Meanwhile, the clergy, theologians and scholars made a quiet attempt to defend the Christian faith from outright annihilation in the gears of the modern machine. In 1913, the Catholic Encyclopedia was published. In 1919, Swiss Reformed theologian Karl Barth published his Commentary on Romans, responding to Liberal Protestantism and beginning the Protestant neo-orthodox movement.

In the 1926-1929 Cristero War in Mexico, Catholics rebelled against persecution and anticlerical laws (and the expulsion and assassination of some 4,000 Catholic priests), and many laypeople fled to the United States. Popular piety’s last gasp was the 1917 apparition of Our Lady of Fatima to three young people, in Fatima, Portugal, which included the October 13 “Miracle of the Sun” witnessed by about 100,000 people in the Cova da Iria fields near Fatima. The Catholic Church anticipated the late 20th century and early 21st century emphasis on spirituality by canonizing a modern mystic, Therese of Lisieux in 1925.

A series of conferences attempted to begin shoring up the institutions that proclaimed the faith by beginning talk of common action. One example was the 1910 World Missionary Conference, a primarily evangelical event. Another is the 1920 encyclical of the Eastern Orthodox Ecumenical Patriarch Germanos of Constantinople suggesting a “fellowship of churches” similar to the League of Nations. The key event for mainline Protestant denominations was the Lutheran-led World Conference of Life and Work in Stockholm, Sweden, in 1925, which gathered Anglican, Protestant and Orthodox Christians, with the much regretted absence of the Catholic Church.

Meanwhile, in Rome, there was also quiet ferment. Much as he had responded to socioeconomic developments, Pope Leo XIII also cautiously opened the door to modern historical and textual criticism of the Bible in his 1893 encyclical Providentissimus Deus. Leo’s step followed bubbling from below: Fr. Joseph-Marie Lagrange, O.P., founded the Ecole Biblique in Jerusalem in 1890 and the Revue Biblique in 1892, which eventually led to the modern Jerusalem Bible translation.

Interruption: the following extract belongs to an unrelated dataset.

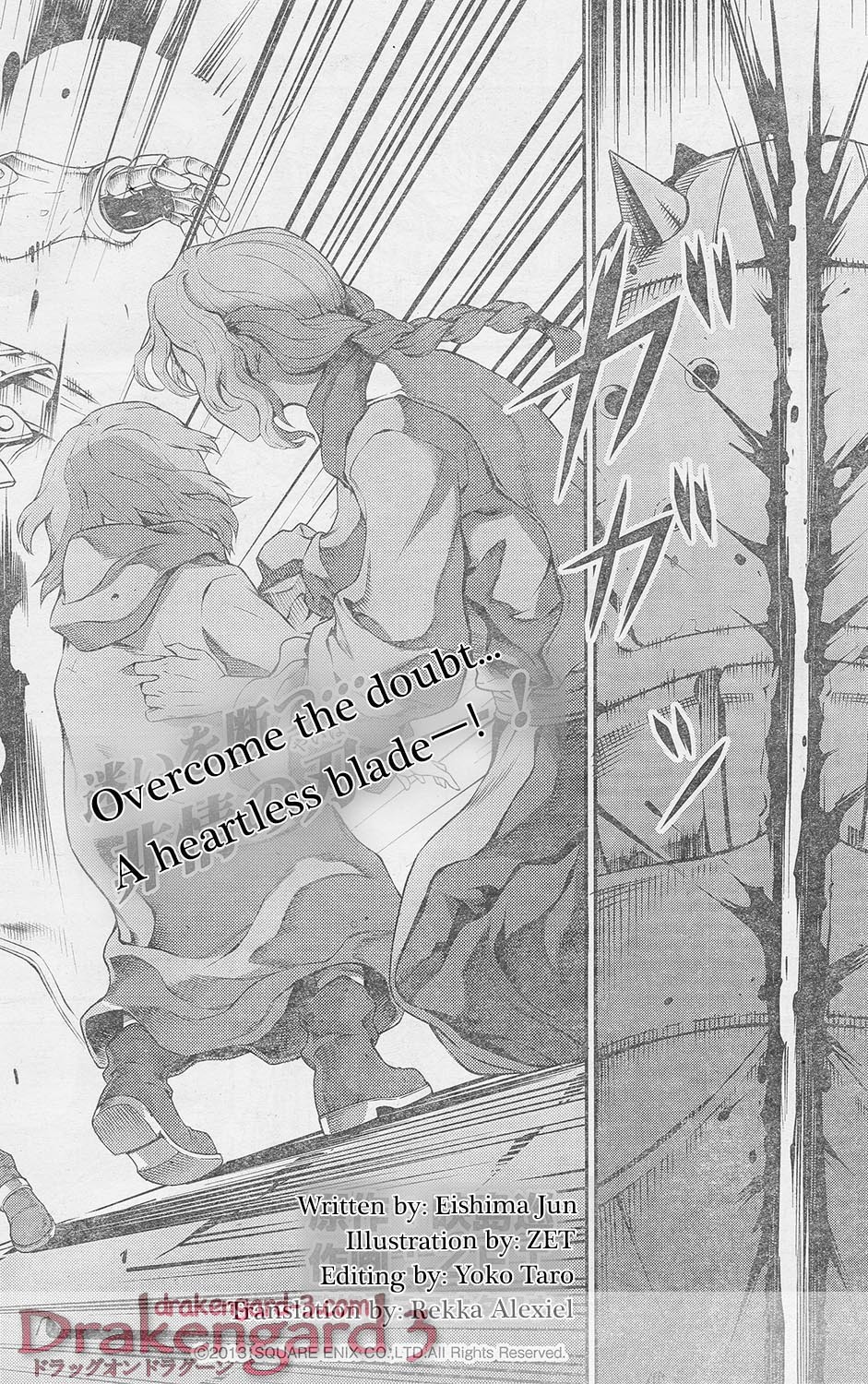 Drag-On Dragoon - Shi ni Itaru Aka Chapter 14 page 2 - Chapter 14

This bud was nipped by Leo’s two successors. Pius X launched an antimodernist crusade, which also had the influence of Freud and Darwin in its sights, and his Pontifical Biblical Commission demanded the most traditionalist interpretations. After him came Benedict XV, who opposed all efforts to incorporate modernism and condemned them under the forbidden doctrine of “integrism.”

Quietly, quietly, some pressed on, despite Vatican thunder. Throughout the 19th century scholars at the Catholic Tubingen school timidly attempted to incorporate some of the insights of the new methods and engage in dialogue with their more advanced Protestant colleagues, who enjoyed greater freedom.

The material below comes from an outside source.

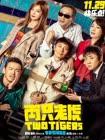 两只老虎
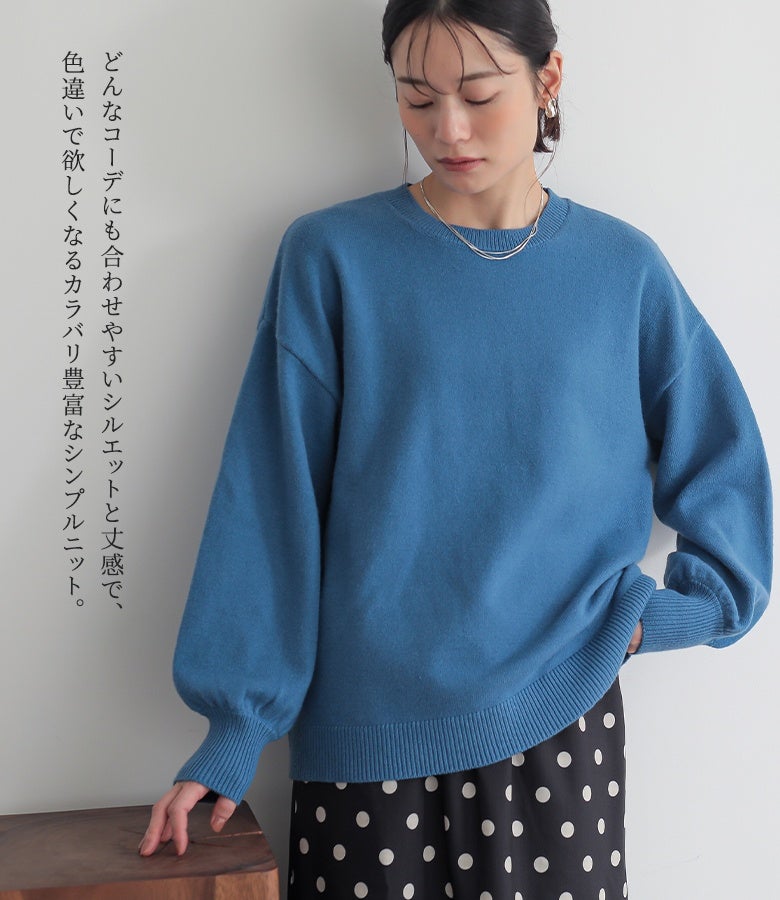 どんなコーデにも合わせやすいシルエットと丈感で色違いで欲しくなるシンプルニット。ぽわんとした袖フォルムと柔らかな質感が、毎日のデイリースタイルに大人の可愛らしさを添えてくれます。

It was not until the early 1940s, when a series of anonymous pamphlets against modernism in biblical scholarship—possibly inspired by the Fascist regime—was sent to Italian bishops, the the policy was reviewed.. The Pontifical Biblical Commission wrote what some deem a draft of Pius XII’s 1943 encyclical Divino Afflante Spiritu (Inspired by the Holy Spirit), issued on the 50th anniversary of Leo’s letter.

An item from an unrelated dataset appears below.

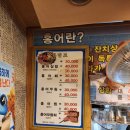 홍탁가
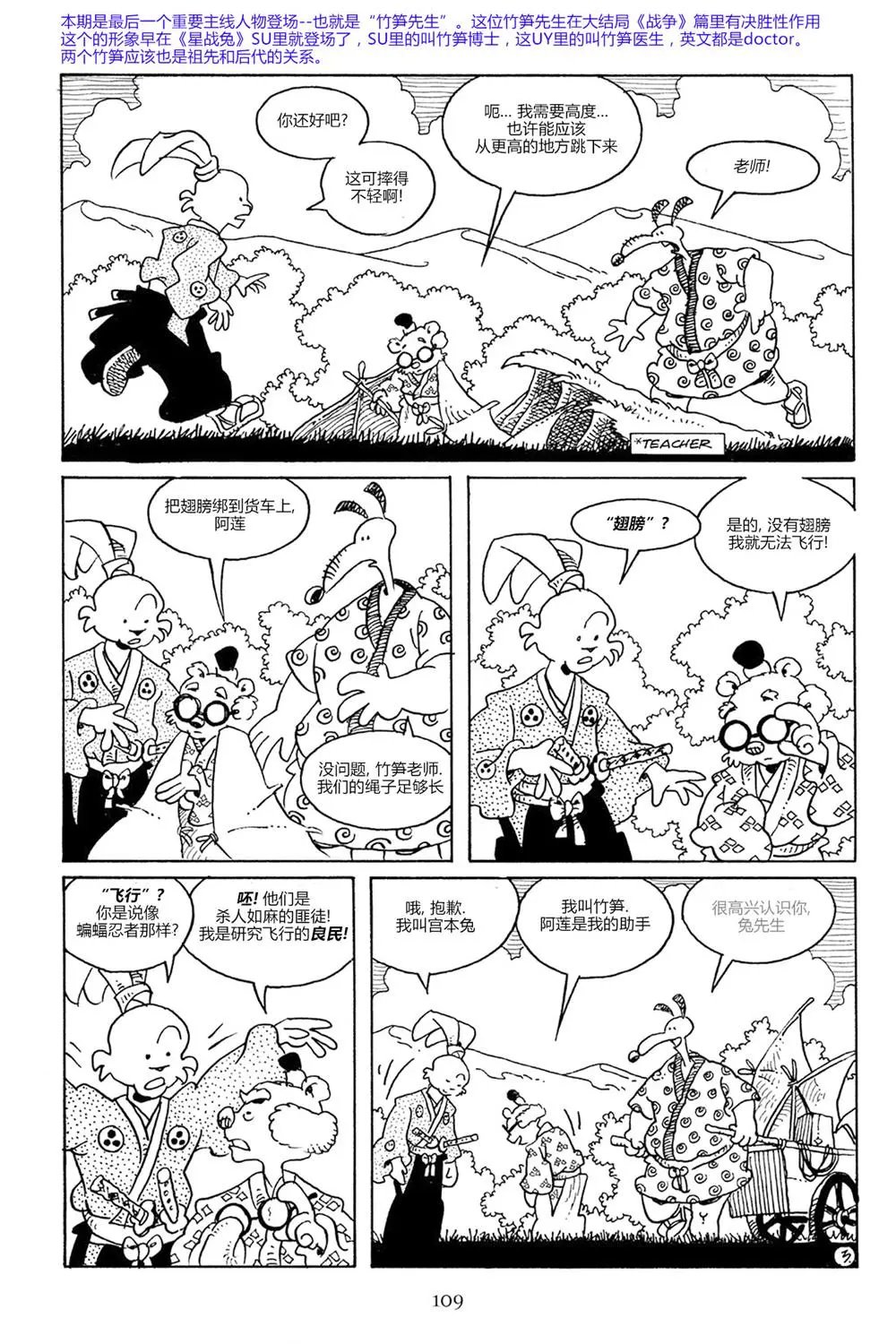 第80卷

Pius wrote that biblical texts should be interpreted according to “the literal meaning of the words, intended and expressed by the sacred writer,” supported by efforts to “determine the peculiar character and circumstances of the sacred writer, the age in which he lived, the sources written or oral to which he had recourse and the forms of expression he employed.” The document ushered in a springtime of Catholic biblical scholarship that has not abated to this day.

In countries such as the United States, the opening led to unparalleled new scholarly dialogue between Protestant and Catholic scholars to the point that a Catholic was elected president of the Society of Biblical Literature, which was by custom Protestant. Similarly, Protestants were admitted as leading members of the Catholic Biblical Association. As a result, U.S. Catholic scholars such as the late Raymond Brown and Elisabeth Schussler Fiorenza became widely recognized across denominations and internationally as legitimate and leading scholars.

It was not entirely accidental that the new freedom in biblical scholarship occurred beginning in the early 1940s, nor that, well under the surface of conventional Catholic parish life, similar experimentation and a new sense of freedom began to be felt in the Catholic Church. The proximate cause, in my opinion, was the Nazi attack on the cultural foundations of Christian institutions.

The Christian martyrs of the era all died in concentration camps, two in Auschwitz one in Flossenburg: Edith Stein, also known as St. Teresa Benedicta of the Cross, OCD, was a German Jewish philosopher who converted to Catholicism and became a Discalced Carmelite nun; Maximilian Maria Kolbe, O.F.M. Conv., was a Polish Conventual Franciscan friar who volunteered to die in place of a stranger; Dietrich Bonhoeffer was a German pastor, theologian, spy, anti-Nazi dissident and key founding member of the Confessing Church.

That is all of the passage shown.